Anunciando que algo se iria passar em breve, os dois altifalantes suspensos nos tripés de rua, emitiam uma música que mais pessoas chamavam ainda.
A música ao contrário do que seria de pensar não era nacional. Era algo moderno para aquelas paragens. Uma espécie de música exótica, árabe, como as que encantam as serpentes, mas apoiada por um chillout recente.
No pequeno larguinho da esquina da San Rafael com a Galiano preparava-se uma passagem de modelos de rua.
Já havia som, não havia palco, mas haviam umas fitas que separavam o público que se amontoava, da passerelle feita de chão.
Entre as duas colunas de som, os organizadores lutavam contra as adversidades do momento para prenderem a tela com o nome dos armazéns de roupa que patrocinavam o tamanho evento.

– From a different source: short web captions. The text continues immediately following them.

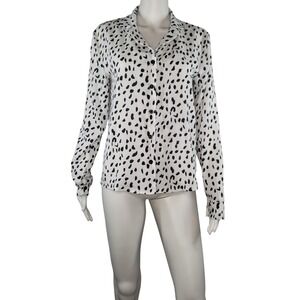Ecowish Black & White Dalmatian Print Button Down‎ Blouse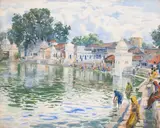 Washerwomen at a temple tank by Angelo Fairfax Muckley, Pencil and watercolour, sold Mar 2022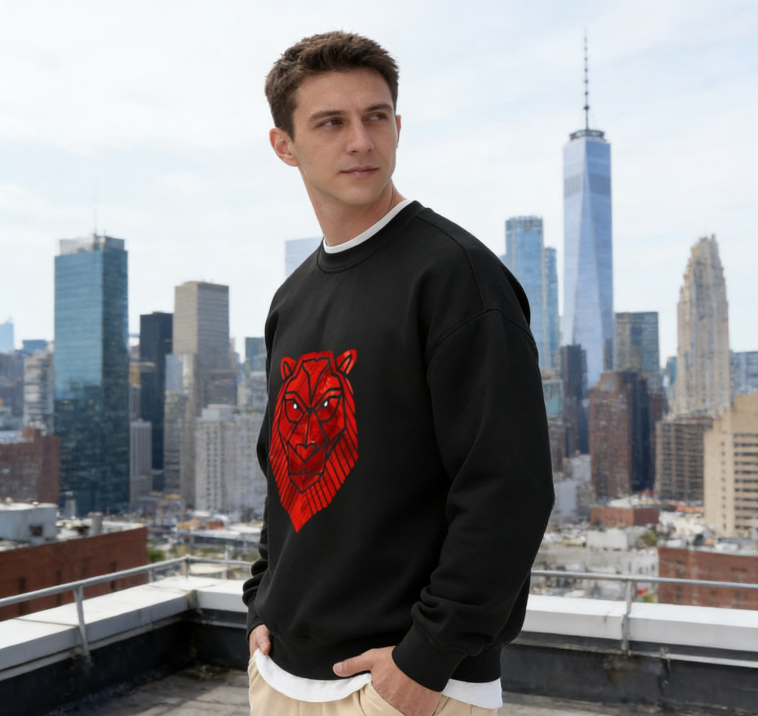 Modern Geometric Lion Silhouette Sweatshirt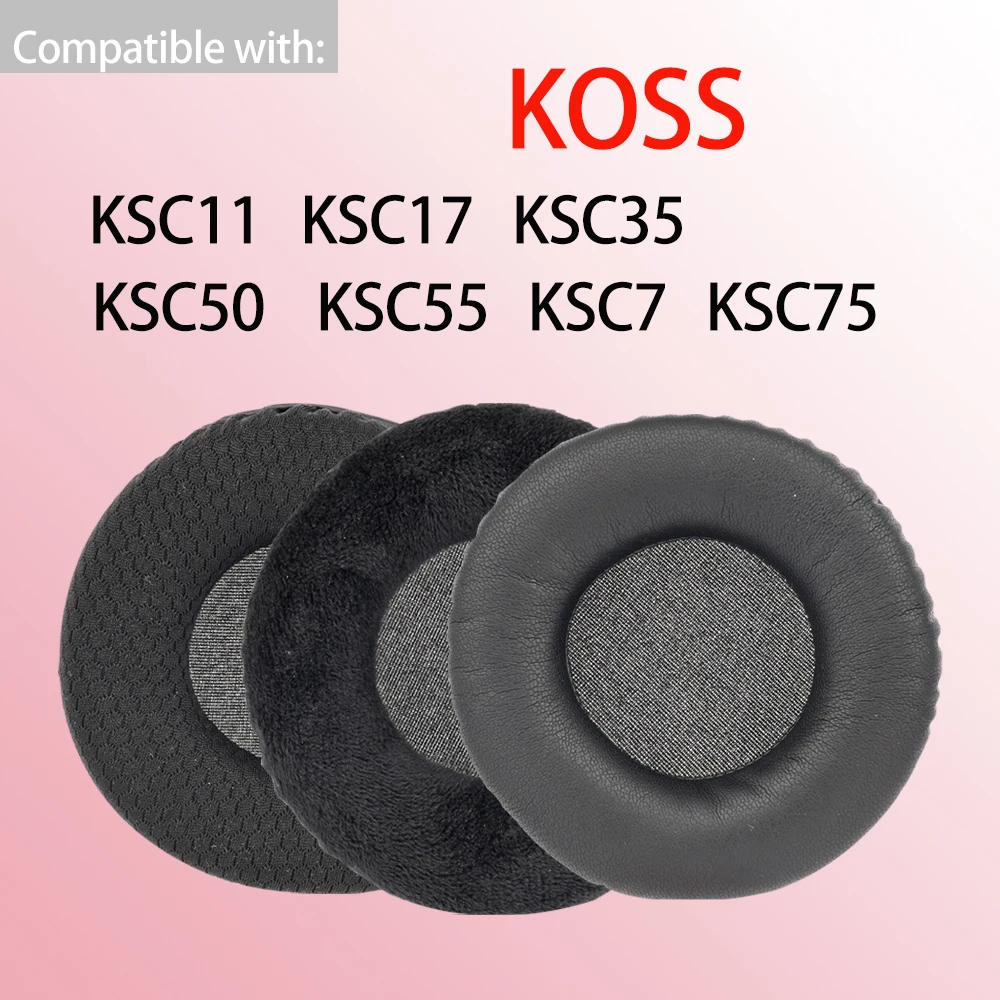 Schwarze Ohrpolster für KOSS KSC11 KSC17 KSC35 KSC50 KSC55 KSC7 KSC75 Kopfhörer, universelle Passform, kleine runde Ohrpolster-Kissen mm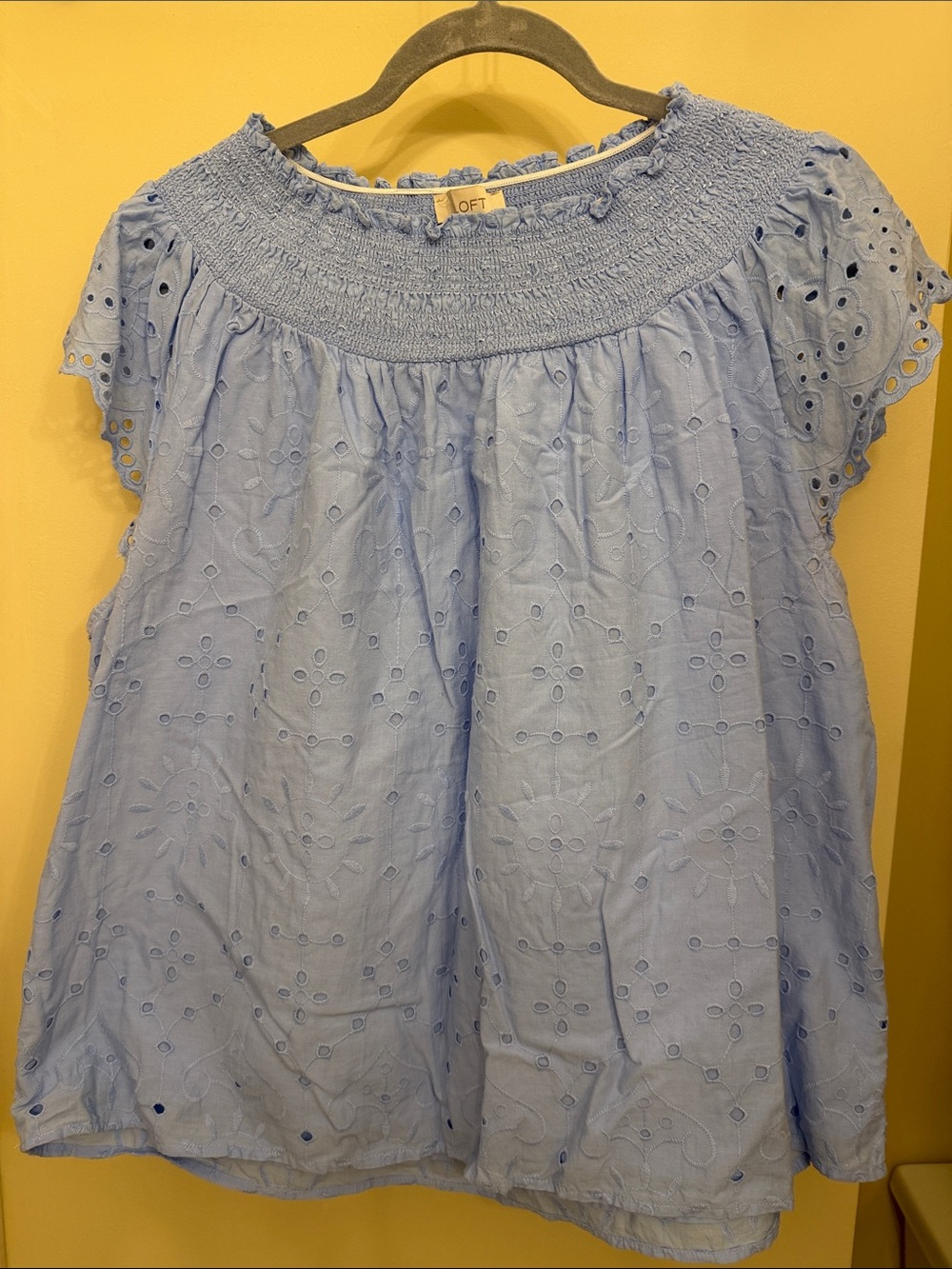 LOFT Light Blue Eyelet Smocked Off-Shoulder Top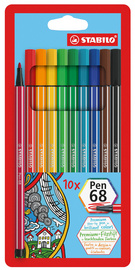 STABILO Feutre Pen 68, étui en carton de 10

Numa barraquinha de lona improvisada, as modelos deviam estar a trocar de roupa, a analisar pelos cabides que iam entrando.
Os homens eram quase todos escuros. Quase sempre em tronco nu, ou então com mangas à cava. Usavam quase todos chinelos e as suas peles não conheciam cremes, perfumes ou óleos. Despenteados, com e sem dentes pareciam indígenas contemplando o civilizador.

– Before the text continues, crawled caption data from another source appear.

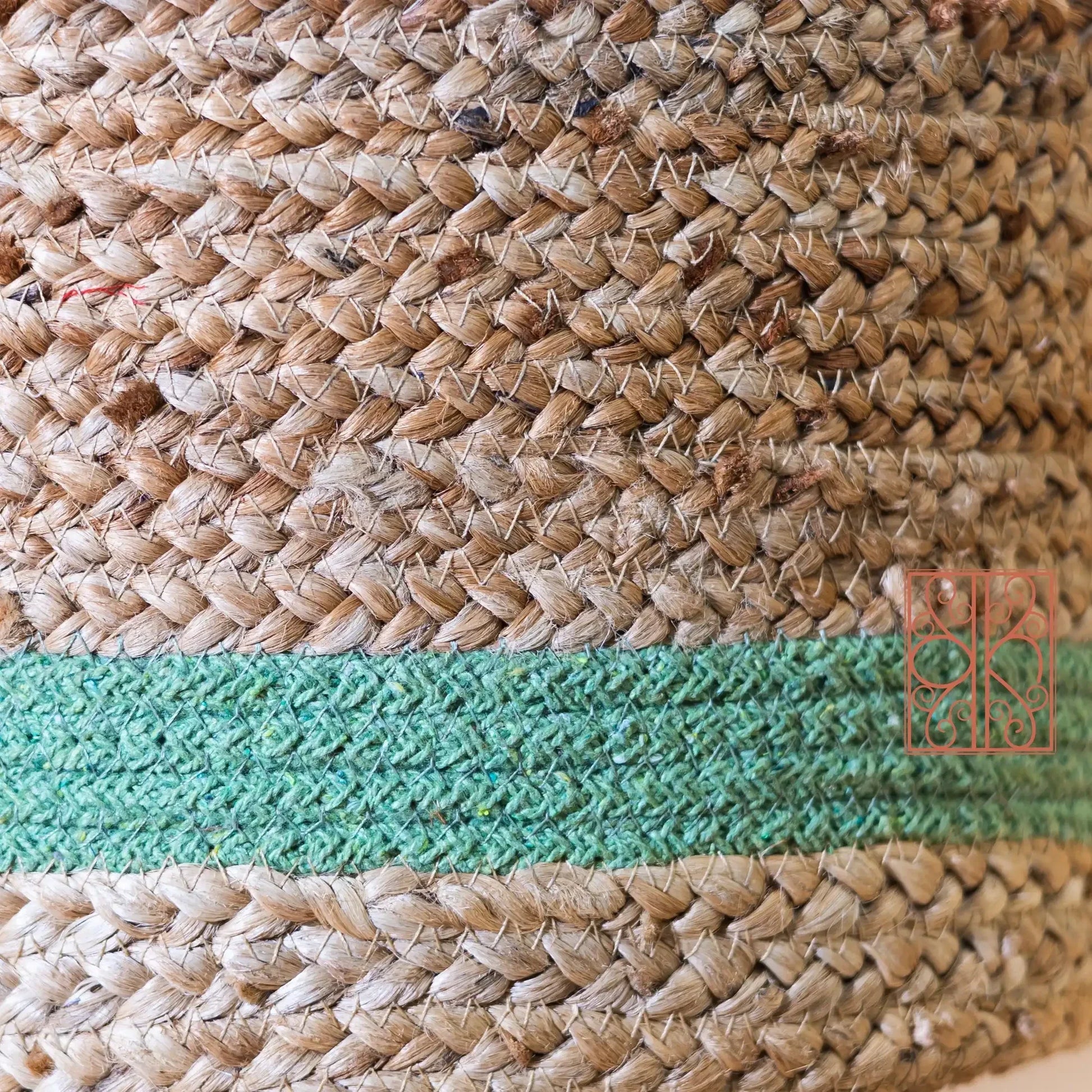 Jute pouffe | Jute stool | Ottoman stool | Aquamarine - Karmakriti India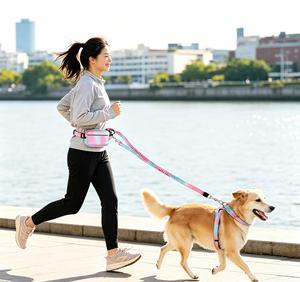 Hand Free Bungee <b>Dog</b> Leash With Waist Pack Gradient Reflective Pet Leash For Jogging Hiking - Product Image 1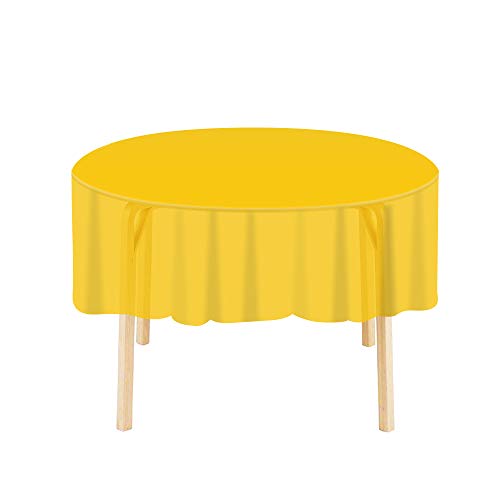 🛒 Flash Sale Disposable Table Covers 6 Pack Premium Plastic Round Tablecloth 83 in. x 83 in. for Indoor or Outdoor Parties Birthdays Weddings Christmas Yellow Review Product Disposable Table Covers 6 Pack Premium Plastic Round Tablecloth 83 in. x 83 in. for Indoor or Outdoor Parties Birthdays Weddings Christmas Yellow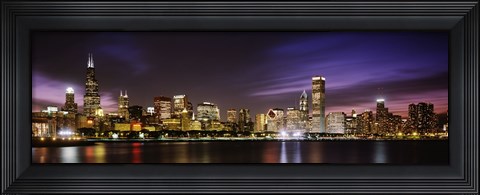 Framed Buildings at the waterfront lit up at night, Chicago, Illinois Print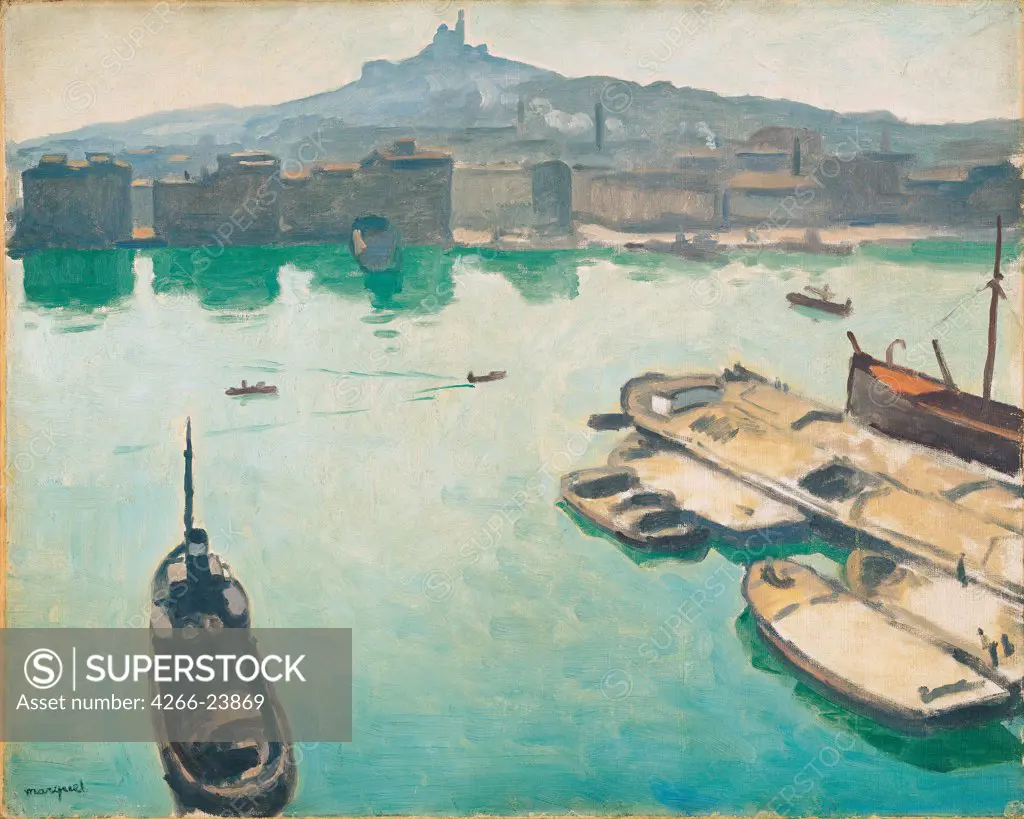 Port of Marseilles by Marquet, Pierre-Albert (1875-1947) Ohara Museum of Art, Kurashiki 1916 Oil on canvas 65x81 France Modern Landscape Painting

As mulheres, apesar das suas peles também não conhecerem os nossos cosméticos, substituíam-nos por outros, sabe se lá onde os arranjavam e por isso eram lindas e exóticas. Tinham roupa. Mas pouca.
A distância adoptada permitia-me ver em plano geral, mas também cada rosto individualmente. E eram esses rostos individuais que carregavam a marca da miséria humana, mas que agora exprimiam felicidade com a aproximação do inédito e raro evento.
Enquanto aquela música dilatava o tempo e oferecia-me aquelas imagens em câmara lenta, uma senhora da organização saía da tenda-camarim e lançava sobre a multidão punhados de rebuçados.
Efervescentes, as crianças buliçosas, no meio de sorrisos e gritos, lutavam umas com as outras sem se magoarem, tentando apanhar o maior número de doces.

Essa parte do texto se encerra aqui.